DATA FOR THIS TASK —
***

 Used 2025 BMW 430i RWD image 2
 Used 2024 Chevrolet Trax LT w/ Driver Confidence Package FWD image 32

***

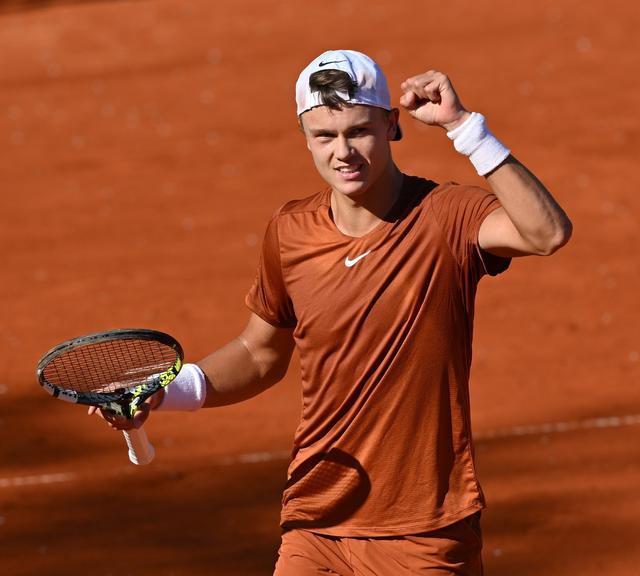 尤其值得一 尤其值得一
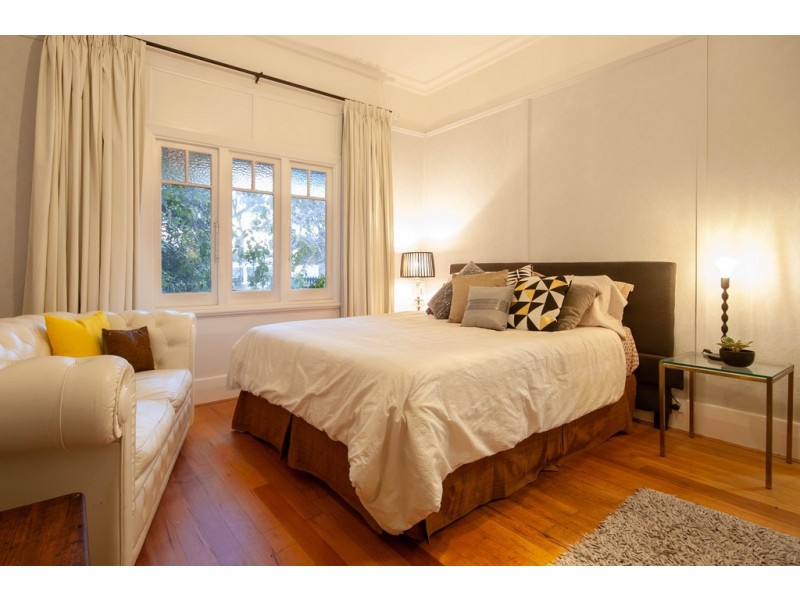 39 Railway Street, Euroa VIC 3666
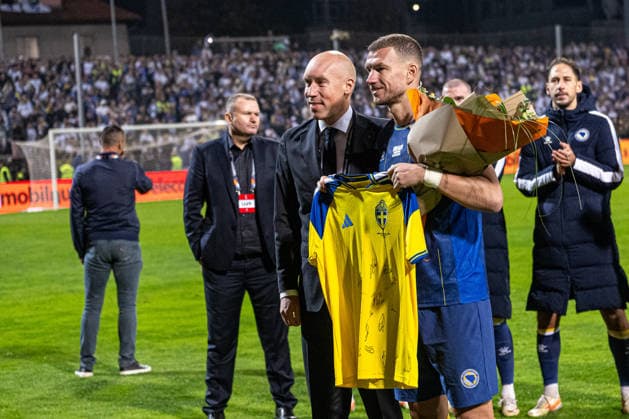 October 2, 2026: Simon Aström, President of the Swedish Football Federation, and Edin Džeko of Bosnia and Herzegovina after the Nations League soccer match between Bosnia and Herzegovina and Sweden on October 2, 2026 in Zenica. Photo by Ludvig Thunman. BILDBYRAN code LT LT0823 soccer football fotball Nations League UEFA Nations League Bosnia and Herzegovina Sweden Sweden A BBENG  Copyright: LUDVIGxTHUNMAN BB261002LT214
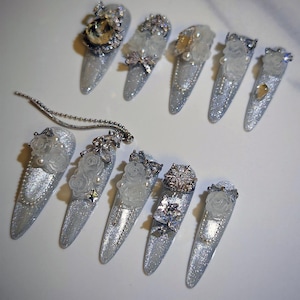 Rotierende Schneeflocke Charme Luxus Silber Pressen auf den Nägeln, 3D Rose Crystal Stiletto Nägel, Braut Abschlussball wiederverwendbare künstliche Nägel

***

TASK —
If a line in the material contains the word "Used", copy that line.

WRITTEN ANSWER —
 Used 2025 BMW 430i RWD image 2
 Used 2024 Chevrolet Trax LT w/ Driver Confidence Package FWD image 32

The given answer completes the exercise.